1) always take before photos of the existing wiring including the screw attachments
We all think will remember how it was, but we won’t.
2) make no assumptions about what the wiring “must be”. there are at least eight different ways to hook up a three-way. There won’t even necessarily be a load line to the master. (Really)
Seriously, I know I say this a lot, but you can’t go online, find a diagram, and even if the colors match what’s in your box assume that that’s how your switches are wired.
You have to get a testing tool, and you have to test every segment of every line to figure out exactly what it’s doing. there are no shortcuts to this. No matter what you Google.
The Pretzel Express
With a non-networked switch think of the circuit as one big loop that has been cut in multiple places and twisted back into pretzel shapes. Now, the various switches, both masters and auxes, are stuck into the places where the line was cut. As long as there is some combination of the various Switches that lets current flow from The street to the light and back again, the light can come on.

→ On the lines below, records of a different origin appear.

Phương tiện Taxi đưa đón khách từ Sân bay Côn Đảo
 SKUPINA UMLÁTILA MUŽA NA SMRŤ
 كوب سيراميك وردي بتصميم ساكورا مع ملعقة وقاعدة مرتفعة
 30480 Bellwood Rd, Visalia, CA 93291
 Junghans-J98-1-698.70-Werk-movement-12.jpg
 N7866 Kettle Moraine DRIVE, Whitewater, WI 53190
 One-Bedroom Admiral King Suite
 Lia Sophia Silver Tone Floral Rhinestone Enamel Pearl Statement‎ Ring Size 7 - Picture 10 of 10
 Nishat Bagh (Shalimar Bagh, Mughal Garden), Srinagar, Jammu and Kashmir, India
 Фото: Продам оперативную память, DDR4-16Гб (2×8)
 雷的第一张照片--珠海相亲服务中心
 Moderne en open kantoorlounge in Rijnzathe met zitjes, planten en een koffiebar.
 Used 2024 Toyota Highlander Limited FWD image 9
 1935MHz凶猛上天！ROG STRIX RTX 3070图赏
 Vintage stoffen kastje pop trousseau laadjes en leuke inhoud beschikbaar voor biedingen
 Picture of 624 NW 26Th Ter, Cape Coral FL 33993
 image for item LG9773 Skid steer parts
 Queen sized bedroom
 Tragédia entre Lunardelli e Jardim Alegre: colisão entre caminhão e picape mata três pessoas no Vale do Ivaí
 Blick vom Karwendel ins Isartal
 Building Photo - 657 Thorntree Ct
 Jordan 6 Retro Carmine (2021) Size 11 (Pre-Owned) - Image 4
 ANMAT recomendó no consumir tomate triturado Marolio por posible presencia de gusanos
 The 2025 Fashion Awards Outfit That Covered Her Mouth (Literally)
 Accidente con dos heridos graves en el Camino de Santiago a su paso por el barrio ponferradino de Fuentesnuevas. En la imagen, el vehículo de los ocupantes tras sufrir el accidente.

Think about a toy train set. The kind where the train is running under electrical power and actually switches from one track to another. The train is running around the track. It’s the kind that requires you to manually push a button at each junction to switch the track. You can keep opening and closing different pieces, and as long as the train has some path to get to where it’s going, it won’t derail. And at any given moment there might be a part of the track that the train can’t get to it all, and that’s still OK. If you need to train to get there you switch the track to that section.

The active section might keep changing, and at any one moment some pretzel loop somewhere might be disconnected from the path train is on and not be receiving any current. That’s OK. It will still work. So you can have a big table and a couple of kids running around trying to manually switch the tracks before the train crashes.
That pattern does not work for a networked switch. The reason is that each switch control, instead of just being flipped by The person at that junction, gets its order to switch over the radio. That means it has to have power for the radio so it can hear the next command. And that means (this is the important part) that every part of every loop up to each switch has to have a little current in it at all times. You can cut off current past the point of the radio, but each radio has to have current.
I hope that analogy is clear, because it’s a really important concept. You are taking one of the old pretzel loops that had manual control switches and now you’re replacing it with radio control switches that need to have some current to every switch all the time. (But not necessarily the same level of current that the old switches used.)
That magical Internet drawing
If your particular current pattern was different then the guy Who drew the diagram you found on the Internet, the current may flow differently. So when you put in the new network switches, you might end up with no live current to the master. Or current that keeps getting shut off as the auxiliaries open and close.
You cannot do this work solely from a diagram.You can study the diagram to try to figure out where you want to end up. But you have to test the lines you have to know how the current is flowing in your original set up.
3) wire colors are not mandated in most US jurisdictions. People can and do just pull the last piece a wire out of the box at the end of the day and use it for anything. I’ve seen hotlines that were white wires, I’ve seen travelers that were black wires, I’ve seen switches that had four black lines coming into them and not one of them was a load line. The only way to know what you have is to to test every segment of every wire.
You may find a diagram that works perfectly for the upstairs hallway, but your kitchen turns out to be wired in a completely different flow pattern. Even if it looks exactly the same in the picture. They might reversed the colors that were used downstairs. Plus by some estimates based on time of sale inspections, about one third of US residential wiring is just done wrong. It’s not going to match anybody’s picture.
So there’s no one magic way to do GE switches, or any other kind of switches. At least not in the United States. You just have to work with the wiring that is in front of you. Every single time.
To be honest, the reason why we always take before pictures, is because there’s no telling what the previous guy did! Sometimes you just have to put it back the way it was to get things to work, with the old equipment, and then go all the way back to the circuit box and start working your way forward figure out what the heck is going on.
This is the main reason I don’t give wiring advice on individual set ups on the Internet. I can guess at what might be wrong based on the symptoms you’re saying, and suggest some possibilities to research, but I have no idea what’s actually running through the wires in the picture. And neither do you until you test them.
Your basic principle is very good. You want to start by getting the master switch working. And as @Navat604 often says, the new master will require both the hot and the load, so you have to find those. But depending on how the old switches were wired, honestly they could be anywhere in that big pretzel loop. It’s not about which one comes first. Which one comes first is often important in non-network switches. But once they’re networked , they all have to have some current all the time.
The difference in a networked setup between the master and the aux is that the master controls the load. And it may be that in the old nonnetworked switches the load came in at some random other spot but it worked because by the time the kids were finished running all around the table there was a clear path for the train. That approach does not work for networked switches. So quite often when you take out the nonnetworked three-way, and you put in a networked three-way, you do actually change the way the current flows through that circuit.
So figuring out where the master is going to go is absolutely the first step. And getting it working is absolutely the second step. But as far as what that’s going to look like, there’s no telling, and there’s going to be a lot of variation.